Another chapter in the ongoing battle between insurers and their insureds regarding the reach of section 54 of the Insurance Contracts Act (Cth) 1984 was recently decided by the High Court; in the insured’s favour this time.

Section 54 seeks to strike a balance between permitting insurers to include terms in an insurance policy that prevent their level of risk from increasing after the policy has commenced, versus unfairly relying on technicalities in drafting to deny the insured a valid payout.

If the effect of the insurance policy is to allow the insurer to deny coverage only by reason of some act of the insured occuring after the policy has been entered, the insurer’s right to deny indemnity is limited to a situation in which there is a causal relationship between the particular act in question and the actual loss. If there is no causal relationship, but the insurer’s interests are nevertheless prejudiced, section 54 also permits the insurer to reduce its libility to the extent such prejudice can be defined in monetary terms.

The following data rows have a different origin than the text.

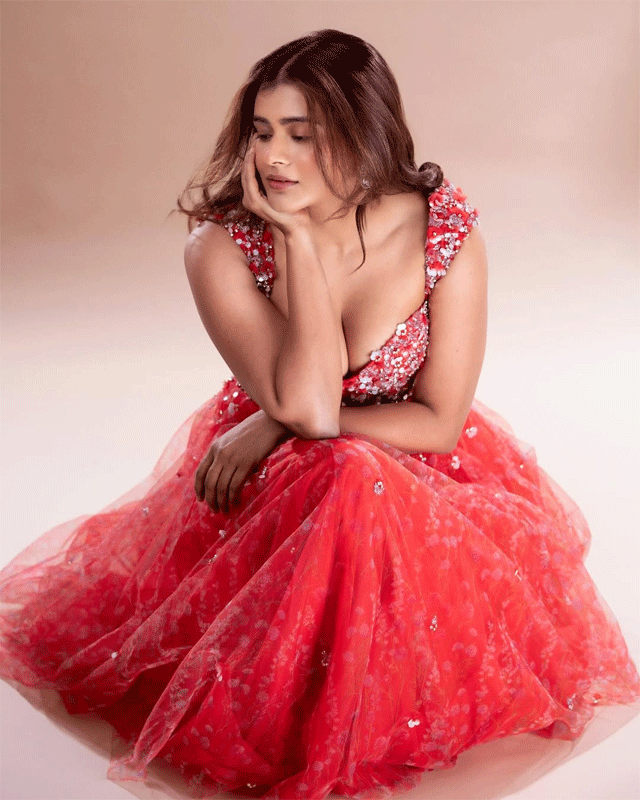 Red Radiance: Hebah Patels Bold Ethnic Enchantment Red Radiance: Hebah Patels Bold Ethnic Enchantment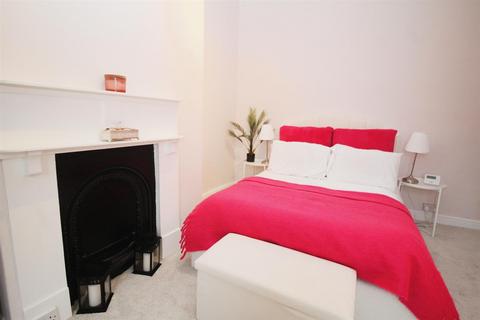 10 Green Place, Bradford, BD2 3AB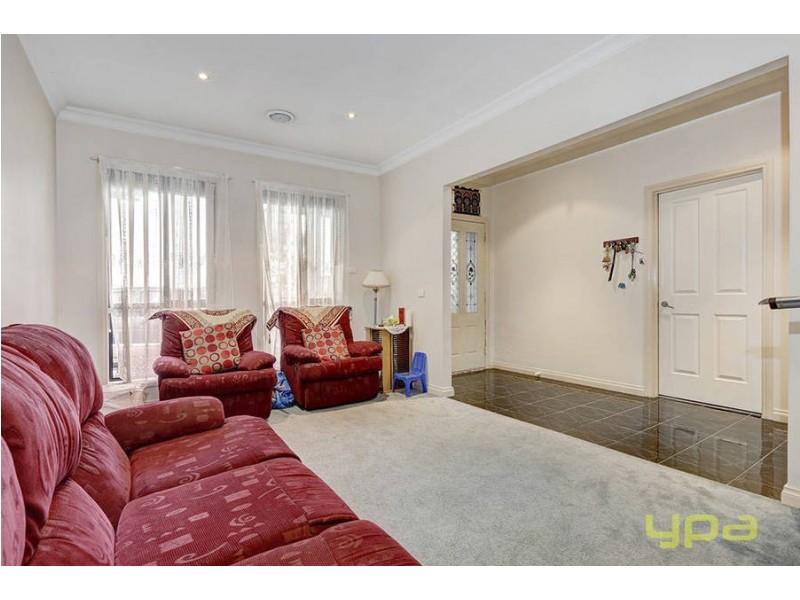 34 Broadway Street, Roxburgh Park VIC 3064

Maxwell v Highway Hauliers Pty Limited [2014] HCA 33 was an invitation to the High Court to delineate where the line between fairly limiting risk and avoiding indemnity should lie.

Highway Hauliers was in the business of freight transport and owned a fleet of trucks. The vehicles were insured under a policy which included an endorsement that all drivers undertake and receive a particular rating in a nominated driver safety attitudinal test (ie. the policy stated that no indemnity would be provided unless this condition was satisfied).

The drivers of trucks involved in the accidents said to trigger the policy had not undertaken the requisite test and the insurer invoked the term to deny liability.

At first instance and in the WA Court of Appeal the insurer conceded that the drivers’ failure to undertake the testing was not in any way causally related to the accident. In fact, the validity of the test was never established. Therefore, relying on section 54, the insured successfully claimed that the insurer’s denial of liability was invalid becuase the omission bore no causal relationsip to the loss suffered.

Nevertheless, the insurer was granted special leave in the High Court to use the case as a vehicle to test the meaning and effect of section 54. In principal, the argument put by the insurer was reduced by the High Court to this (at 17]):

[A] ‘claim’ to which s 54(1) refers is limited to a claim that is an insured risk.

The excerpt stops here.